[RECORDED INFORMATION]
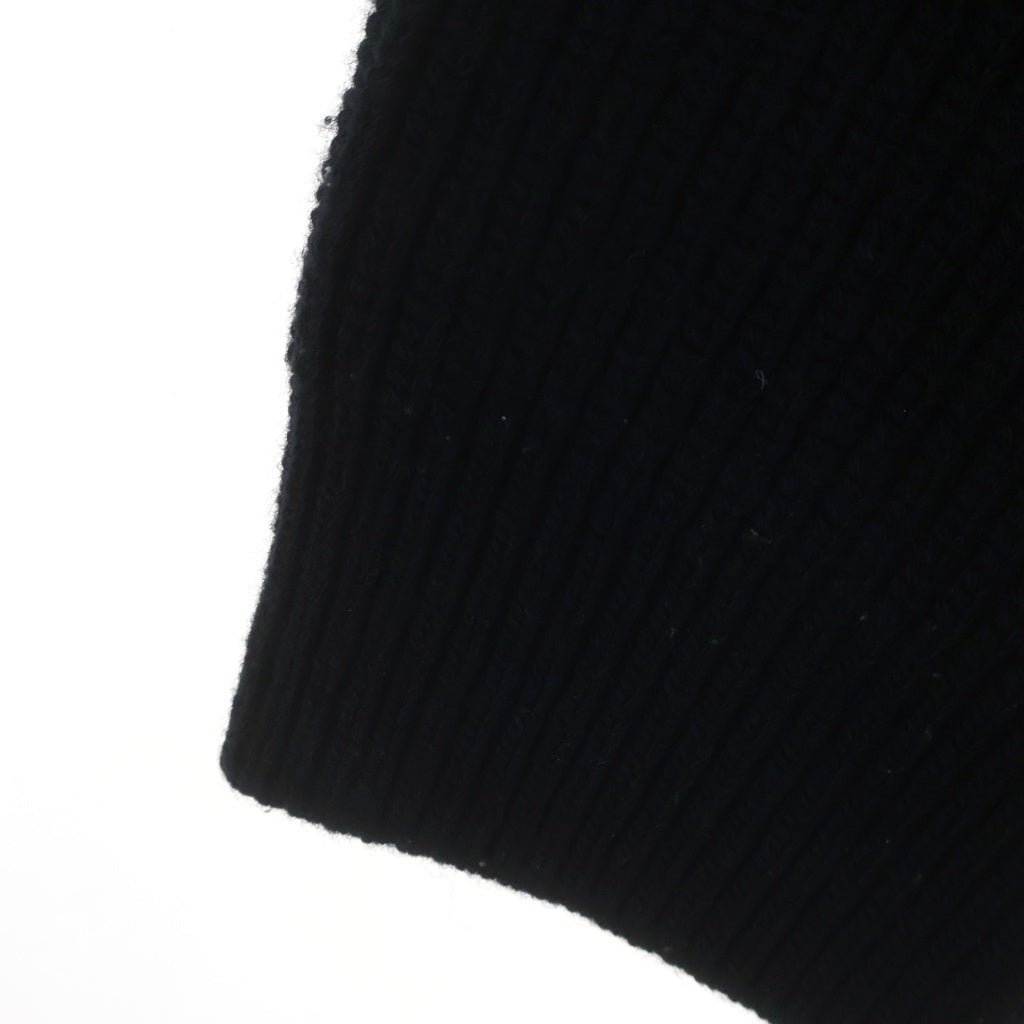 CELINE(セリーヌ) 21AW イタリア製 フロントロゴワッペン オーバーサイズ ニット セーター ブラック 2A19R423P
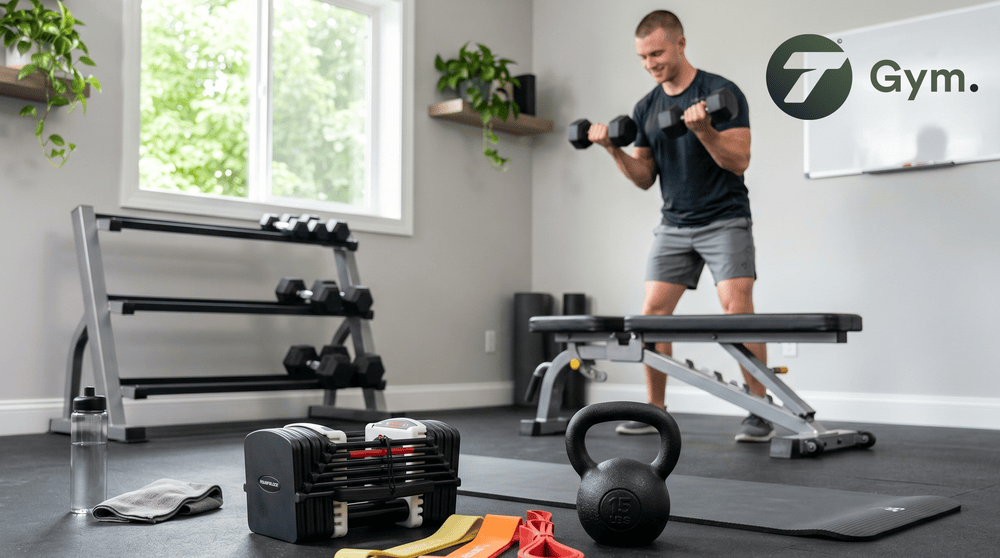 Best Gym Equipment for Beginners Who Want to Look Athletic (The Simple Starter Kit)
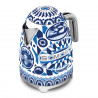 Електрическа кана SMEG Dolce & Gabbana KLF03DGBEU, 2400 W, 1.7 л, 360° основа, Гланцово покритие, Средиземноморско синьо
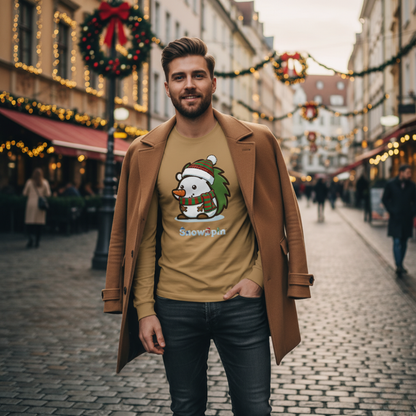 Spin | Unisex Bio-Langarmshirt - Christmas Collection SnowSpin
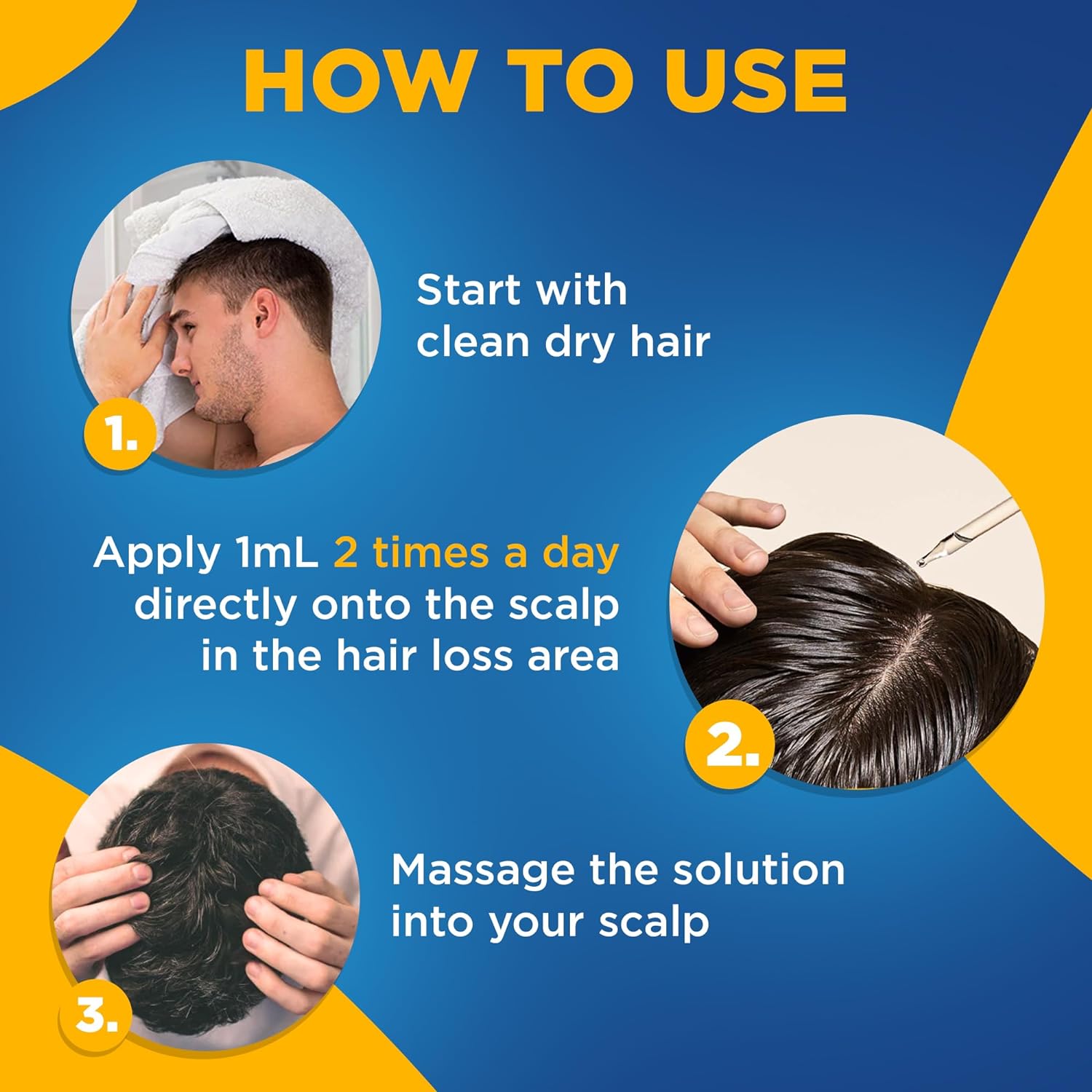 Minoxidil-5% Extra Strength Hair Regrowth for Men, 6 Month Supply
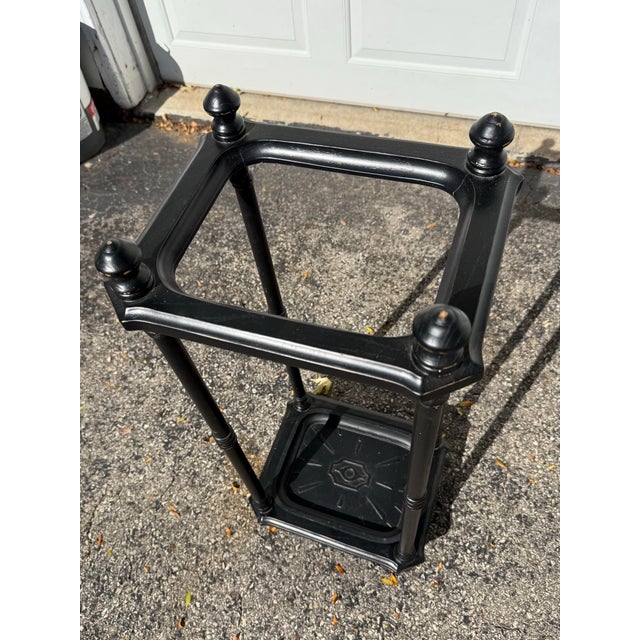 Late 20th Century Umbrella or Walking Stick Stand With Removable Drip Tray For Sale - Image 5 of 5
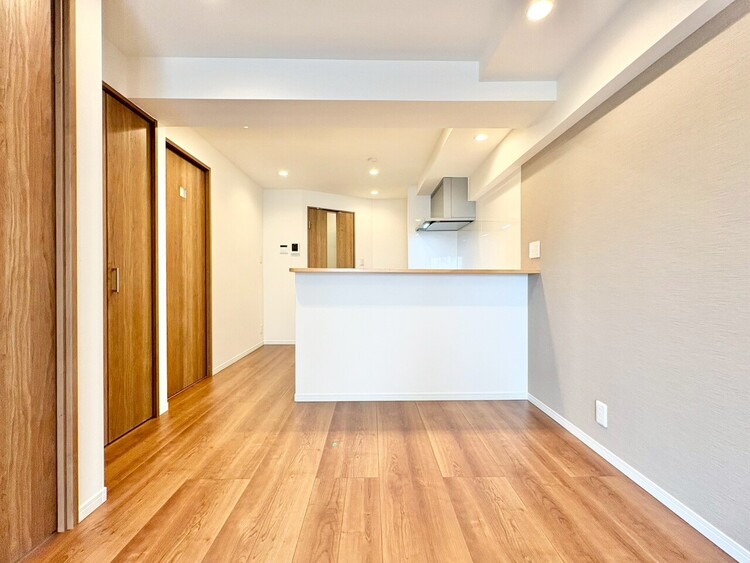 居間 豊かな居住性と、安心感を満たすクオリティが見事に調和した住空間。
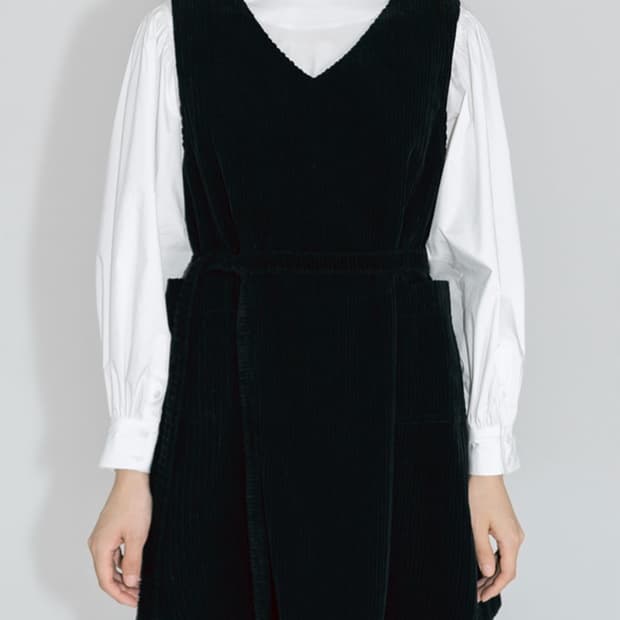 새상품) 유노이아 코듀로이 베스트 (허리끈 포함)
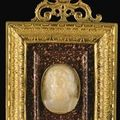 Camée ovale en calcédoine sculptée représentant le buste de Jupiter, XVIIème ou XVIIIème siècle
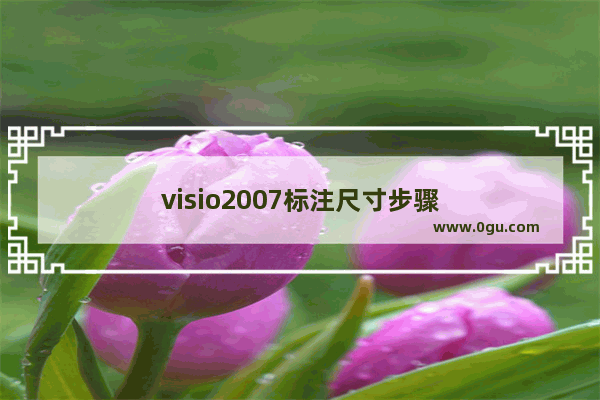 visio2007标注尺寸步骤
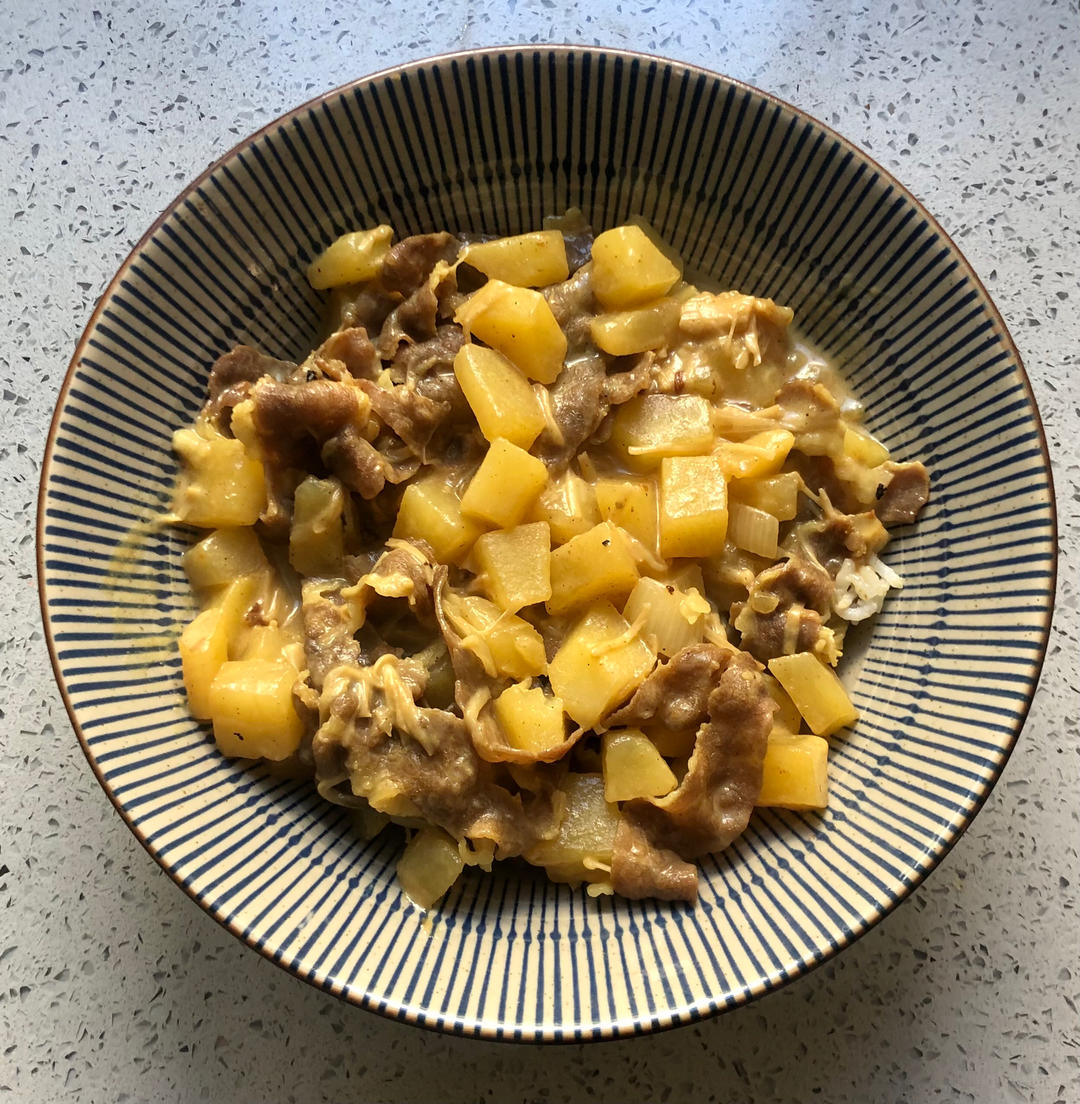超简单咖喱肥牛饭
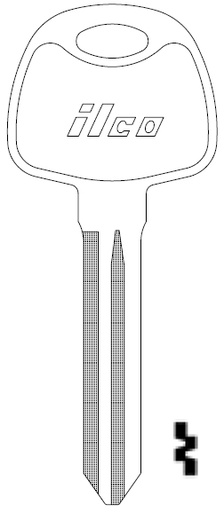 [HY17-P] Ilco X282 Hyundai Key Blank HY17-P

[WHAT TO WORK ON] Exact repeats of the lines from the first one in the data through the line containing "Best Gym Equipment" make up the answer. Pictures do not.

[COMPLETED TASK]
 CELINE(セリーヌ) 21AW イタリア製 フロントロゴワッペン オーバーサイズ ニット セーター ブラック 2A19R423P
 Best Gym Equipment for Beginners Who Want to Look Athletic (The Simple Starter Kit)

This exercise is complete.